Study under review: Comparison of the effects of diets high in animal or plant protein on metabolic and cardiovascular markers in type 2 diabetes: A randomized clinical trial
The optimal diet for treating metabolic diseases like obesity and type 2 diabetes remains controversial, with evidence suggesting a variety of nutritional strategies that can be effective so long as people adhere to them. However, some interventions may be more effective than others. One strategy that’s gaining steam involves eating more protein.
Even though the term “high-protein diet” varies in definition from study to study, evidence to date supports the idea that eating more protein than the recommended daily allowance of 0.8 grams per kilogram bodyweight results in less hunger and a reduced appetite, increased energy expenditure, and a preservation or increase of lean body mass. A recent meta-analysis of 74 randomized controlled trials showed that eating a higher protein diet (27% vs. 18% of calories on average) significantly reduced several cardiometabolic risk factors, including body weight, BMI, waist circumference, blood pressure, triglycerides, and fasting insulin, while also significantly increasing HDL-cholesterol and satiety. A strong body of evidence supports the claim that a high-protein diet can facilitate dietary adherence, health improvement, and long-term fat loss.
But it’s possible that not all protein is the same when it comes to health. A meta-analysis of observational research totaling over half a million people suggests that animal protein is associated with an increased risk of developing type 2 diabetes, while plant protein is not. However, plants are bundles of fiber and bioactive compounds that could explain the risk difference, and people who eat more veggies typically have a healthier lifestyle. These confounders make it impossible to relate differences in type 2 diabetes risk to differences in plant and animal protein, per se.
In general, animal proteins are higher in branched-chain amino acid content (BCAAs; leucine, isoleucine, and valine) and sulfurous amino acids (methionine and cysteine) than plant proteins. The role that these amino acids play in the pathology of type 2 diabetes is contested. Dietary methionine restriction has been shown in animals to increase insulin sensitivity. Similarly, BCAAs, especially leucine, are potent stimulators of the mTOR pathway, and chronic stimulation of mTOR has been implicated in insulin resistance. Some evidence suggests that the metabolism of BCAAs is disrupted in people with type 2 diabetes, resulting in an exacerbation of insulin resistance (as shown in Figure 1), and dietary intake of BCAAs has been associated with the risk of developing type 2 diabetes.

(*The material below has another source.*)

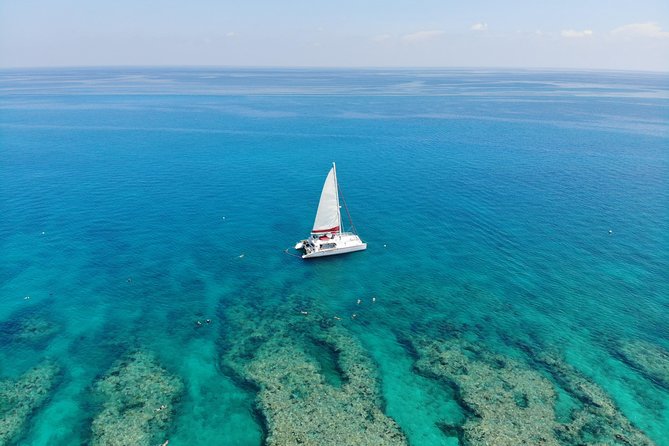 Key West Reef Morning Snorkeling with Breakfast and Mimosas - A fast catamaran ride toward the coral reef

Adapted from: Lynch & Adams. Nat Rev Endocrinol. 2014 Dec.
On the other hand, animal studies suggest that mTOR activation in the brain reduces food intake and bodyweight. These effects and brain mTOR signaling are brought about through increased dietary leucine intake. Moreover, BCAA consumption, especially isoleucine, has been shown to have beneficial effects on glucose metabolism.
To investigate how the amino acid composition of a diet influences health outcomes in people with type 2 diabetes, the study under review examined the effects of a high-protein diet containing predominantly either animal or plant protein on insulin sensitivity in participants with type 2 diabetes.
High-protein diets are well established to promote fat loss and health improvement in people with obesity and type 2 diabetes. How differences in the amino acid composition of plant and animal proteins may affect health remain less well investigated. The study under review compared the effects of a high-protein diet containing mostly animal protein or plant protein in people with type 2 diabetes.